In conclusion, our results demonstrate that an optimized process technology delivers high performance graphene devices which are mature enough for realizing complex integrated circuits. The road to high frequency electronics is clearly defined, but paved with serious stumbling blocks arising from device scaling. As shown in this letter, the performance of conventional micron scale devices used in plastic electronics is already surpassed by corresponding graphene based devices. For that reason, we expect this field of application not only among the first industrial entry points, but also to act as incubator for graphene based transistors.

Methods

The inverters and ring oscillators were fabricated on 300 nm thermally grown SiO₂ on Si substrate with a size of 2*2 cm². The whole fabrication process is based on photo lithography yielding 100 nominal identical inverters and oscillators per die. The local back gates and the loop path metallization consist of 150 nm AlSi and 10 nm Ti which is patterned by reactive ion etching. Plasma enhanced atomic layer deposition of 6 nm Al₂O₃ at 300°C was used as dielectric. Etching of the Al₂O₃ by diluted buffered HF is used to form the vias to the local back gates. On the same resist mask a subsequent reverse sputter step followed by a deposition of 20 nm Ni without breaking the vacuum is performed. The metal was lifted with acetone in ultrasonic. The graphene (commercially available graphene grown on Cu foil by CVD and supplied by GrapheneSquare) was transferred to the sample using PMMA as supporting layer²⁷ and patterned by optical lithography and oxygen plasma etching. Ni contacts (20 nm) were fabricated by sputter deposition and lift-off. In total four lithography steps were required for realizing the integrated ring oscillators in AMOG technology.

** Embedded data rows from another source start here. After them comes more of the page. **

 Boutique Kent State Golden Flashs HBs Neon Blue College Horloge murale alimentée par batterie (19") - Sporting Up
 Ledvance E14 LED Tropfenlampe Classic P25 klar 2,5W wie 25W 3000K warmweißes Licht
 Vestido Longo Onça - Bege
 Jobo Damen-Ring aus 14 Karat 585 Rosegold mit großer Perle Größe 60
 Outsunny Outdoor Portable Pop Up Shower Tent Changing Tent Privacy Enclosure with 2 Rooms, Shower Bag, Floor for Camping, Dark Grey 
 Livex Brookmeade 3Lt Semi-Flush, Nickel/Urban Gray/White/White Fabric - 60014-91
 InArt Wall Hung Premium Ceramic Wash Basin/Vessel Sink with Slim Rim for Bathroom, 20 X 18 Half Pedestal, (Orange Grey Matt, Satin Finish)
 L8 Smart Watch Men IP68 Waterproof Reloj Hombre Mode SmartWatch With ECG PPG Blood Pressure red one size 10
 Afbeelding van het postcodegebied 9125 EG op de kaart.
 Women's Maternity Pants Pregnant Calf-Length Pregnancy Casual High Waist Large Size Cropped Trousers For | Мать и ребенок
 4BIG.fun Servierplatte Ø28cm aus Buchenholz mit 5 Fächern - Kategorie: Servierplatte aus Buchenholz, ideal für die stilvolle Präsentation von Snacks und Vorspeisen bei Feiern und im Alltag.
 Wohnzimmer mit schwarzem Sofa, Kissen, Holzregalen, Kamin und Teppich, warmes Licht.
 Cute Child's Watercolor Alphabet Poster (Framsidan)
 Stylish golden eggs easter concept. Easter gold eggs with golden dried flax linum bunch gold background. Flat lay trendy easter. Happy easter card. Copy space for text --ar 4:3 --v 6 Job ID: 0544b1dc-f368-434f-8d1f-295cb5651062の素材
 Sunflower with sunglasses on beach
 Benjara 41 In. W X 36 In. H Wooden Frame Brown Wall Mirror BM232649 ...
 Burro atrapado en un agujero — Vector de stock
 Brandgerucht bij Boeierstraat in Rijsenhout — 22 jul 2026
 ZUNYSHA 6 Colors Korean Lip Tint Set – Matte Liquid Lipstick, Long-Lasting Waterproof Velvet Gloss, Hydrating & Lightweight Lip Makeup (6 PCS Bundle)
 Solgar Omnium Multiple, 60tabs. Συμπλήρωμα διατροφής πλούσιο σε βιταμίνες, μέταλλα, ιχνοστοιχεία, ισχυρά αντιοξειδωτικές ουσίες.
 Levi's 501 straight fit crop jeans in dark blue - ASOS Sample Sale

All measurements were performed in a needle probe station (Cascade Microtech Summit 12000) under N₂ atmosphere at room temperature. The static characterization of the inverters was performed using a HP 4156B semiconductor parameter analyzer. The output signal of the ring oscillator was measured with a Tektronix TDS 3052 scope having 50 Ω and 1 MΩ termination as stated in the text. The power spectrum was recorded using the FFT-function of the Tektronix TDS 3052 scope at 50 Ω termination. DC bias was applied to the ring oscillators by the HP 4156B semiconductor parameter analyzer.